Le sous-sol du palais du trône de Kinh Thiên, datant du XVe siècle et situé dans l’ancienne cité impériale de Thang Long, Hanoi, continue d’être l’objet d’études archéologiques. Les dernières fouilles, en 2014, ont révélé des traces des cultures qui s’y sont succédées.
Le palais du trône de Kinh Thiên en 1873.
Le palais du trône de Kinh Thiên est l’un des chefs-d’oeuvre de l’ancienne architecture vietnamienne, selon le livre Dai Viêt su ky toàn thu (Annales complètes du Dai Viêt). L’ouvrage a été construit en 1428 au milieu de la cité impériale de Thang Long, sous le règne du roi Lê Thai Tô (1428-1433). Aujourd’hui, seule demeure une partie du sol du palais et des marches en pierre entourées de rampes en forme de dragon. Le secteur du palais est fouillé depuis 2004. Les travaux archéologiques sont menés par le Centre de conservation du patrimoine de Thang Long-Hanoi et l’Institut national d’archéologie.
Les fouilles de 2014, dont les résultats ont été publiés en décembre dernier dans le cadre d’un colloque à Hanoi, ont attiré l’attention des professionnels. En effet, elles ont permis de dévoiler l’espace principal du palais qui a servi sous les Lê postérieurs (1428-1527) et Lê Trung Hung (1533-1788). La cour royale Dan Tri a été localisée, les fondations des couloirs de la cité ont été trouvées, etc.
«Nous pensions que la situation économique était terne sous le règne des rois Lê Trung Hung. Mais les fouilles de 2014 ont révélé que cette époque-là, notamment le XVIIe siècle, a été marquée par la construction de grands ouvrages architecturaux. Cette période-là a été la plus prospère des rois Lê Trung Hung», constate le Professeur Phan Huy Lê, président de l’Association des sciences et de l’histoire du Vietnam.
Des cultures qui se chevauchent
Outre les traces de la dynastie des Lê, les archéologues ont trouvé des ouvrages de construction datant des Nguyên (1802-1945), des Trân (1225-1400) et des Ly (1010-1225). «Nous avons découvert des traces de cultures qui se chevauchent», révèle le Docteur Tông Trung Tin, président de l’Institut national d’archéologie. En effet, les experts ont trouvé des fondations de colonnes de pierres et des traces d’une cour de briques datant de la dynastie des Ly, découverte qui a permis de formuler l’hypothèse selon laquelle il existait une grande cour destinée aux réunions royales. En outre, les archéologues ont identifié un large réseau d’adduction d’eau datant de l’époque des Trân, avec notamment un tronçon large de 1,8 mètre qui croisait un système d’évacuation des eaux construit sous les Ly, fouillé il y a deux ans dans ce même endroit.

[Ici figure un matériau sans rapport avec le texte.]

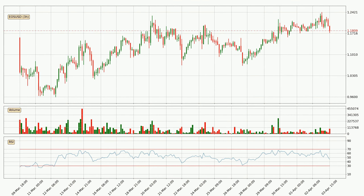Jumping to the three hourly relative strength index, the current three hourly RSI is at 45, so there are currently no signs of the crypto being overbought or oversold.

Revenant sur la découverte des réseaux d’adduction d’eau des Trân, l’historien Phan Huy Lê pense qu’il est possible qu’il s’agisse d’un «ouvrage au service du Feng shui plutôt que d’une construction civile pour amener les eaux usées à la rivière Tô Lich». Comme esquissé dans l’hypothèse initiale. En outre, les spécialistes ont révélé bon nombre de céramiques et de faïences ayant servie sous les Lê.
Ce sont pour la plupart des brisures de céramiques bleutées, de vases et de briques rouges. Deux autres objets sortent du lot, une épingle à cheveux pour femme et une petite statuette représentant un dragon d’or avec des gravures en forme de pétales de lotus. Le Professeur Hoàng Van Khoan pense que cet objet décoratif a été fabriqué vers la fin du règne des Ly. En effet, les ongles et la crête de l’animal ressemblent aux dragons des Ly, mais son corps courbé à ceux des Trân.
«La complexité des cultures qui se chevauchent sous le palais de Kinh Thiên place les professionnels dans un vrai labyrinthe. Je pense qu’il faudra attendre la fin du XXIe siècle avant que nous puissions décoder tous ces vestiges architecturaux», prévoit l’archéologue Tông Trung Tin.
Cette année, les archéologues ont proposé d’élargir les fouilles vers l’est du site. Ils se préparent également à un colloque pour donner et recueillir les évaluations sur les recherches de la cité impériale de Thang Long, cinq ans après sa reconnaissance par l’UNESCO comme Patrimoine culturel mondial.